# What time of day people most likely stop at garage sales



## debodun (Aug 28, 2016)

Years ago when my parents had sales, we noticed that most people came right when we opened and just before quitting time. We thought that the "early birds" wanted to get first choice and snap up anything that was horribly under-priced. The late comers probably hoped to get the leftovers at a huge discount. In between was what my dad called "the midday lull" when hardly anyone stopped between 11 am and 2 pm.

These day, however, it's almost the opposite. I usually don't get a customer until well after an hour of opening. Most cars stop between 10:30 am and noon, then I sit there the rest of the day and maybe one or two cars stop. 
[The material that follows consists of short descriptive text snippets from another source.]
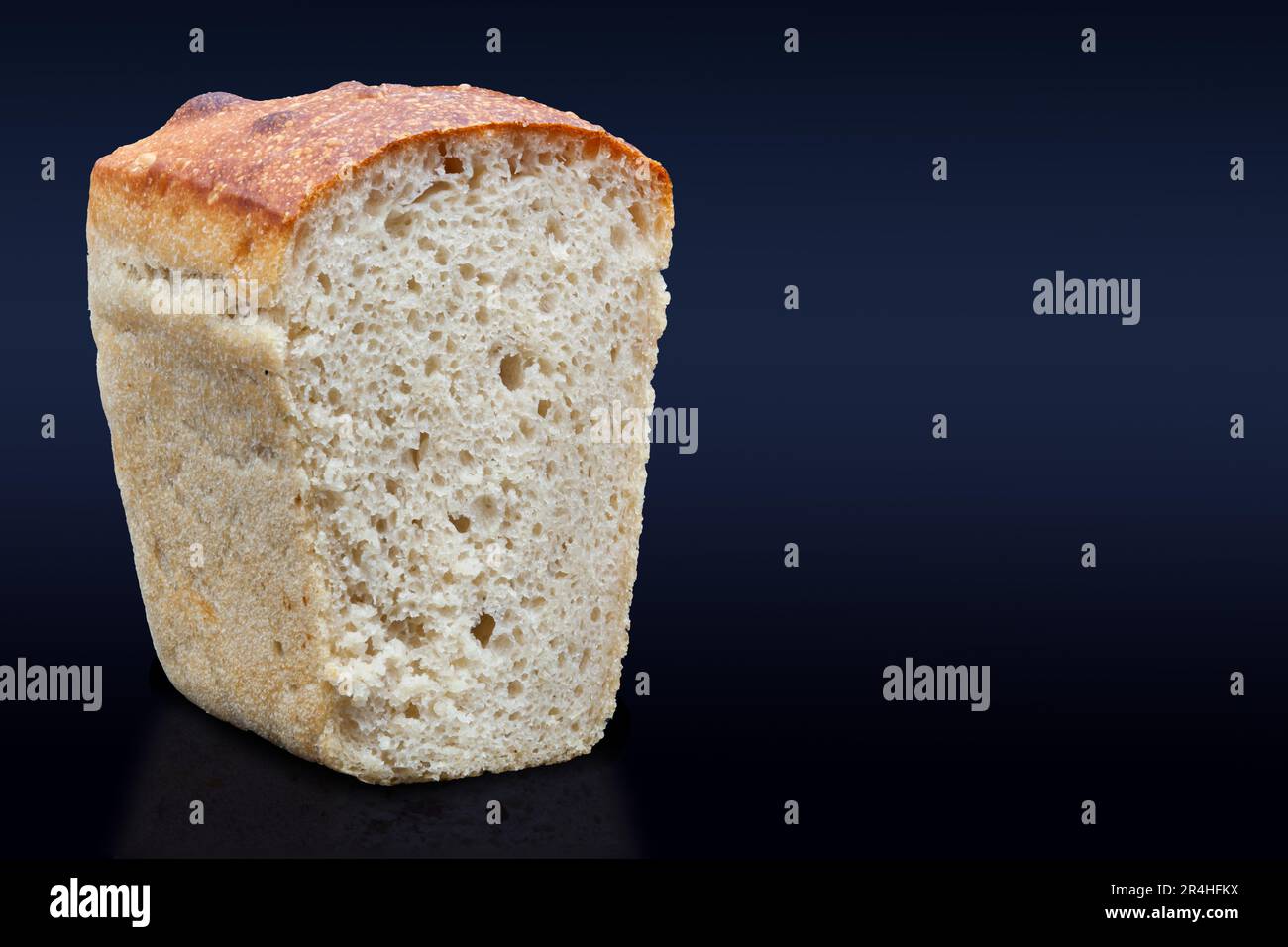 https://c8.alamy.com/comp/2R4HFKX/rye-bread-on-a-dark-background-in-the-cut-with-a-crispy-crust-and-texture-in-the-hole-fresh-home-baked-sourdough-bread-photo-in-high-quality-2R4HFKX.jpg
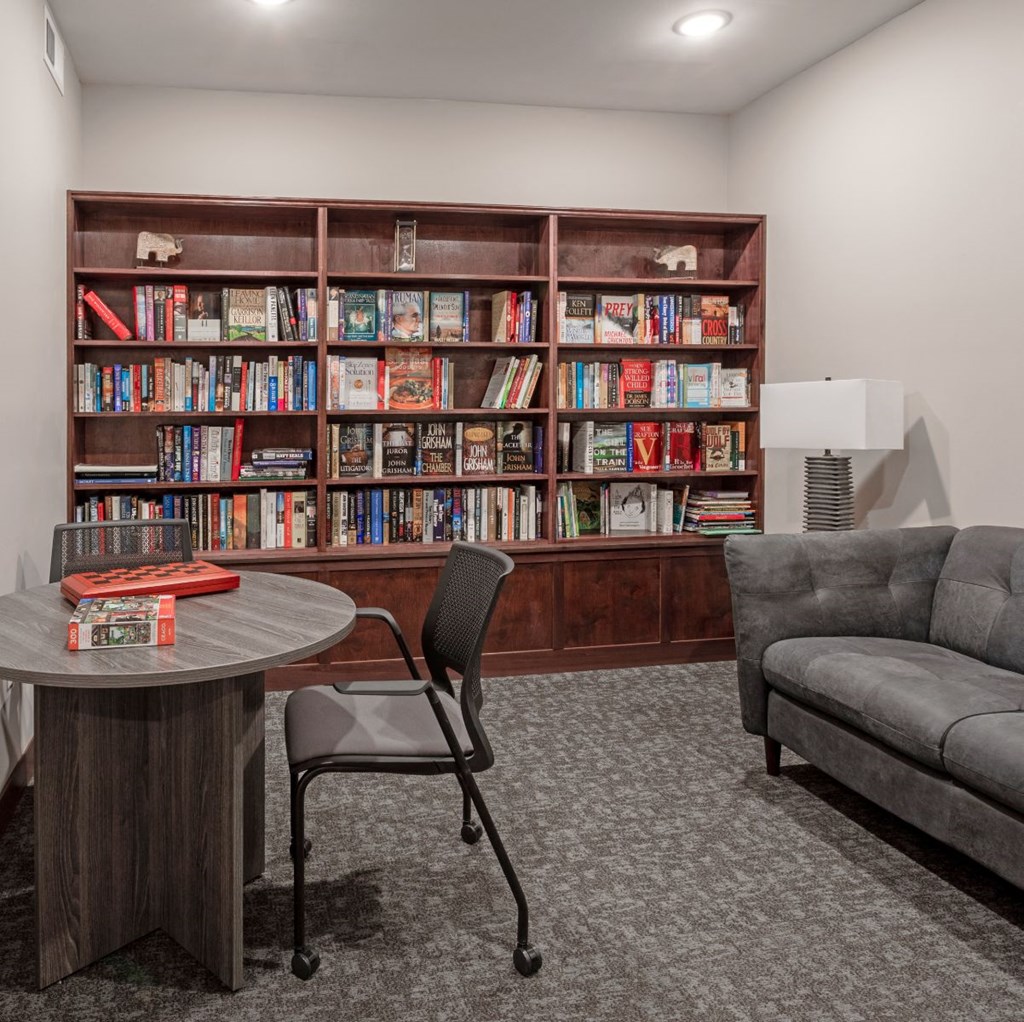 a library with a table and chairs and a bookshelf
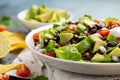 Beef Taco salad with romaine lettuce, avocado, tomato salsa, black bean and tortilla chips. Mexican healthy food Royalty Free Stock Photo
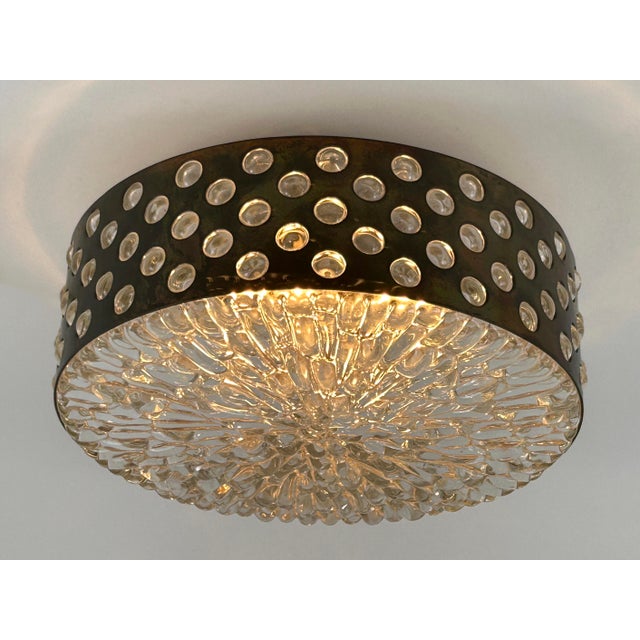 Large, rare, elegant and highly decorative mid-century modern brass and bubble glass ceiling lamp or flush mount. Designed...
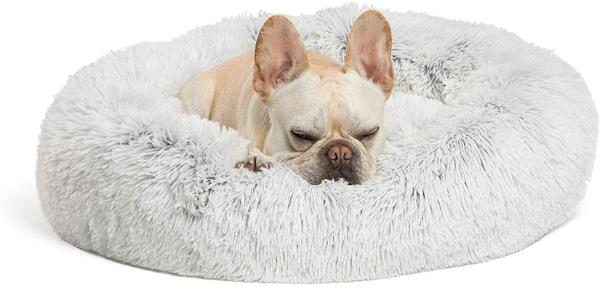 French bulldog sleeping on plush fur bed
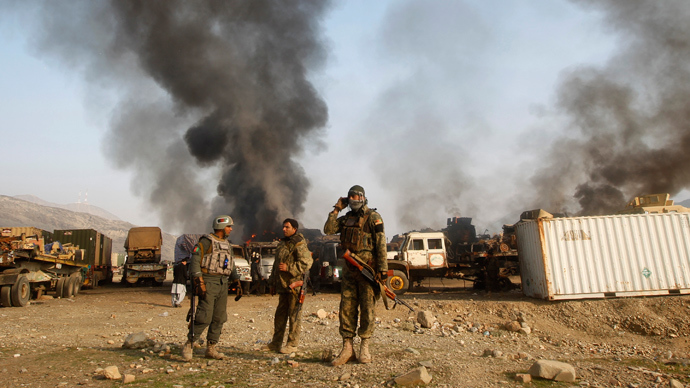 Afghan security forces stand near burning NATO supply trucks after what police officials say was an attack by militants in the Torkham area near the Pakistani-Afghan border in Jalalabad Province December 18, 2013 (Reuters / Parwiz)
I wonder why this pattern has changed.

I've also noticed a trend away from having sales on Sundays. Nowadays any sales I see advertised are on Fridays and Saturdays, or just Saturdays. I have sales on Sunday, although it usually isn't as busy or profitable as a Saturday sale. The blue laws were rescinded here years ago. And it can't be that people are do religious they can't shop - look at Wal-Mart parking lots on Sunday. Why the avoidance of Sunday for both sellers and customers?


----------



## jujube (Aug 28, 2016)

From  my past experience, you get the "dealers" first thing in the morning, quite often a half hour before the published start of the sale.  They'll go through like a whirlwind, make insulting remarks about what you have for sale and outrageously low-ball you.  
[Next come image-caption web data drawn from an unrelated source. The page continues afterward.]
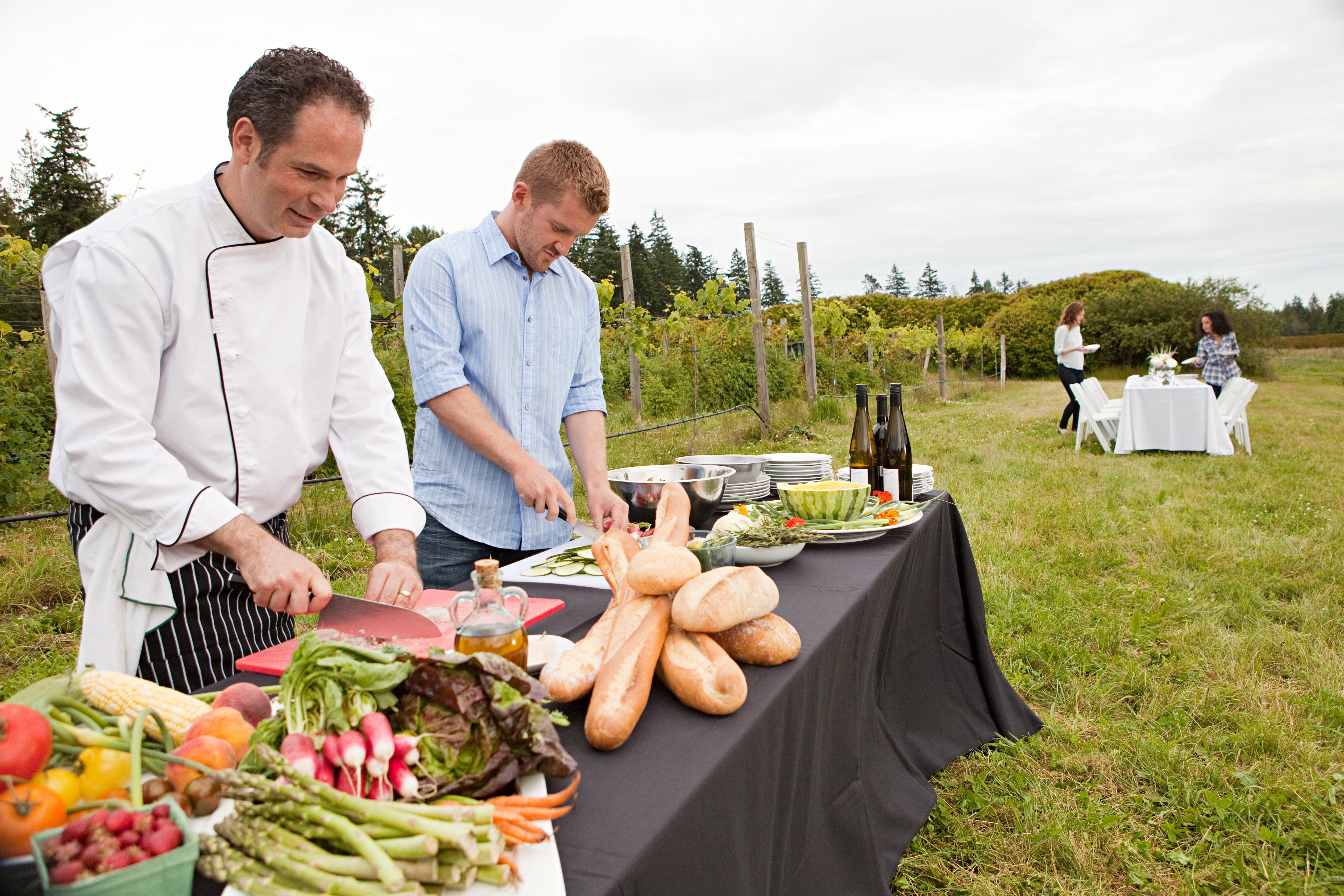 Chefs hole nutrient astatine an outdoor array with assorted vegetables, bread, and vino bottles; a mates dines astatine a array successful the background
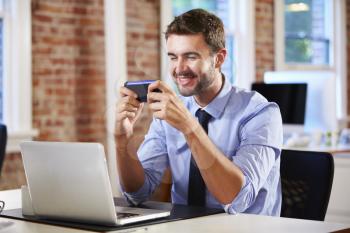 Businessman Using Mobile Phone In Creative Office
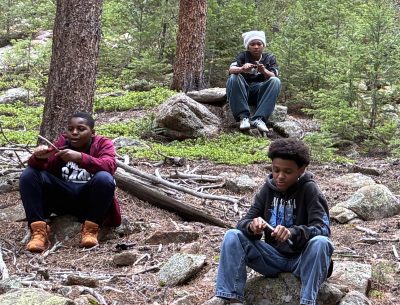 AXL 8th graders practice whittling sticks while waiting for their turn to climb vertical rock.
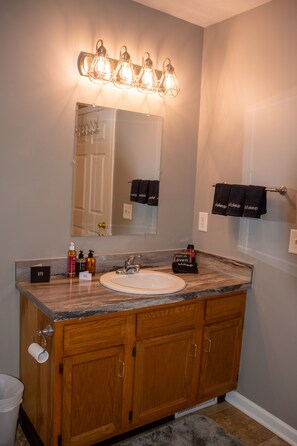 Une salle de bain avec un meuble-lavabo en bois, un évier, un miroir et un porte-serviettes avec des serviettes.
About 8:00 (and here I'm just speaking from personal experience), you'll have the ladies from a certain Caribbean island show up and steal as much as they can (happened to me at all three of my garage sales).   Shortly after that, the various looky-loos dribble in.   They'll always ask you for something you obviously don't have.  They'll want to know if you are putting anything else out later.  They'll want to buy the folding table that has the sign on it that says, "TABLE NOT FOR SALE."  They really, really want that table.  If you do agree to sell it to them, they won't like the price.  They'll pass up all the really good stuff and buy a chipped cup in the five-cent box.  

The minute you run inside for a potty-break at 10:00, 17 people will show up at once.   From 11:00 to 2:00, you'll sit out in the broiling sun and nobody will come by except for a neighbor down the street who wants to know if you're moving and if so, can they have your trash can.
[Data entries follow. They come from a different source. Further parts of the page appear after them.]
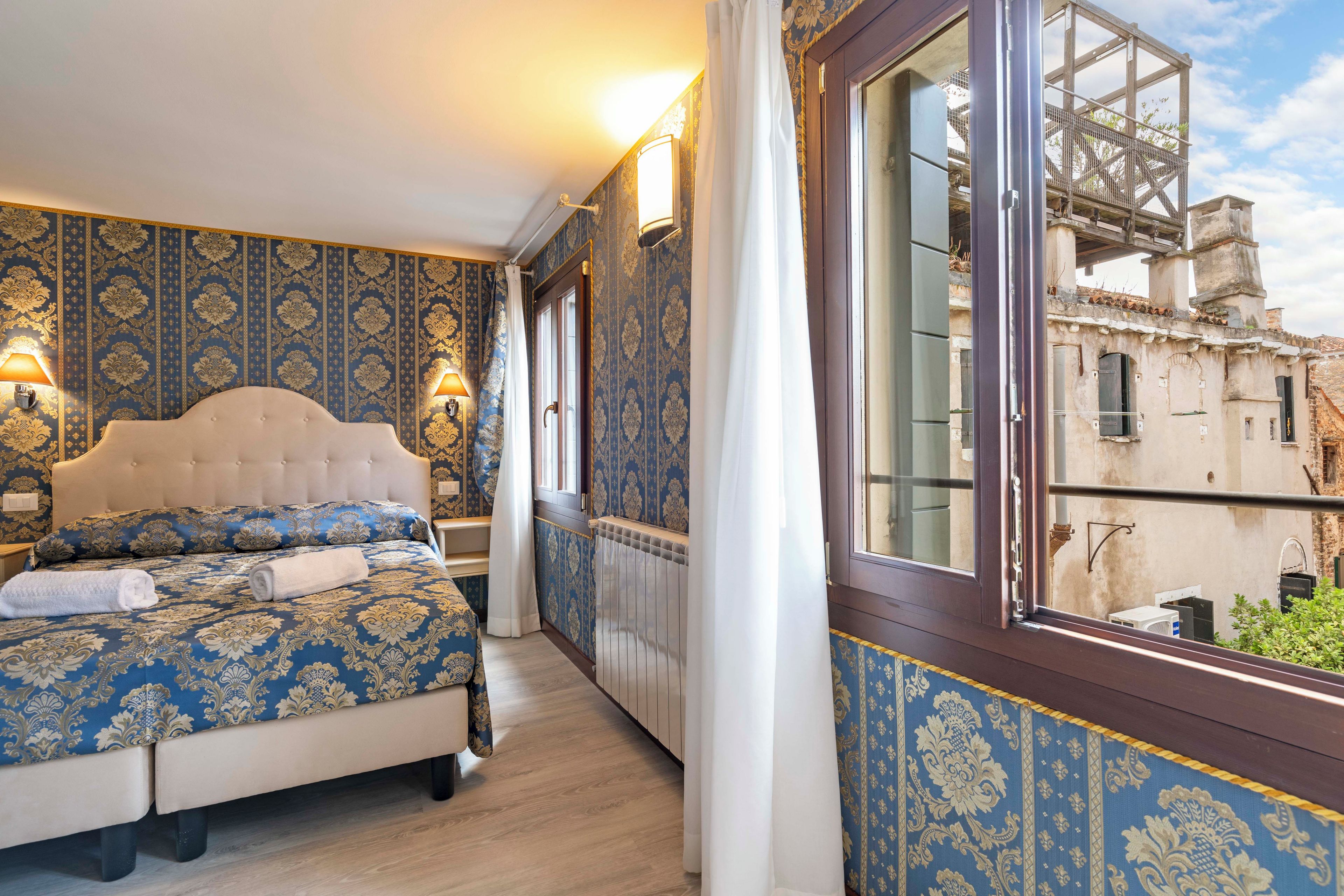 A bedroom with a large bed, a window with a view of a building, and patterned wallpaper.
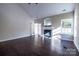 Bright living room with a fireplace, French doors, hardwood floors, and large windows at 2017 Bridleside Dr, Indian Trail, NC 28079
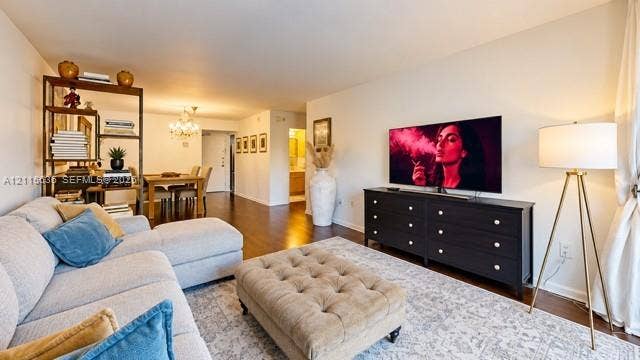 3860 NE 170th Street, #310, North Miami Beach, FL 33160 Open-concept interior featuring wood-finish flooring and a multi-arm crystal chandelier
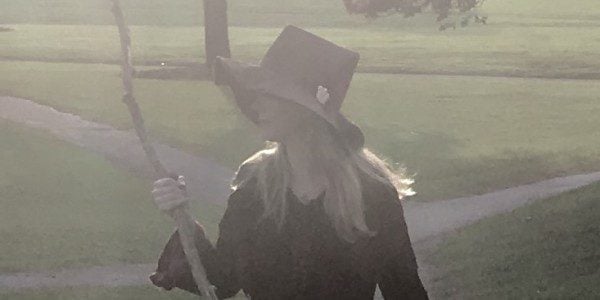 Woman with pointy hat and staff of witchcraft, looks back over the path she's walked.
At 3:00, you'll decide to pack it up and the afternoon rush will show up and pull everything out of the boxes you have just packed.  They won't buy anything; they were just bored and decided to pull over.  One guy who wouldn't pay $5 for the almost-brand-new weedwhacker at 10:00 will show up at 3:15 and is absolutely crushed that it's not still there.  

At 3:45, you'll throw everything back into the garage and vow to NEVER.HAVE.ANOTHER.GARAGE.SALE.IN.YOUR.LIFE!  When you figure out how much you brought in and how long it took to get ready, you'll realize that you just paid yourself 42 cents an hour.  For this, you retired?  At 5:00, someone will knock on the door and ask to look at what you have left.  You slam the door in their faces.   During the night, your trash can disappears.


----------



## jnos (Aug 28, 2016)

The past years we've had garage/yard sales we do them from 7 am to 2 pm. You get those who are up and ready to go early--along with the dealers   The next few hours are others who get going at 8 or 9. There's always a lull or two, but not too bad. Several of us are usually here to take turns answering questions, taking money, carrying to the car, etc. We order lunch during a lull.


----------



## oakapple (Aug 29, 2016)

We don't have garage sales here....I wish we did, as I like a bargain.


----------



## debodun (Aug 29, 2016)

jujube said:


> From  my past experience, you get the "dealers" first thing in the morning, quite often a half hour before the published start of the sale.  They'll go through like a whirlwind, make insulting remarks about what you have for sale and outrageously low-ball you.
> 
> About 8:00 (and here I'm just speaking from personal experience), you'll have the ladies from a certain Caribbean island show up and steal as much as they can (happened to me at all three of my garage sales).   Shortly after that, the various looky-loos dribble in.   They'll always ask you for something you obviously don't have.  They'll want to know if you are putting anything else out later.  They'll want to buy the folding table that has the sign on it that says, "TABLE NOT FOR SALE."  They really, really want that table.  If you do agree to sell it to them, they won't like the price.  They'll pass up all the really good stuff and buy a chipped cup in the five-cent box.
> 
> ...



Sounds like the story of my life. Add to that people that stop just to: 1) ask directions 2) use the bathroom 3) ask you to dispose of the trash they have in the car like fast food bags and big-gulp cups.


----------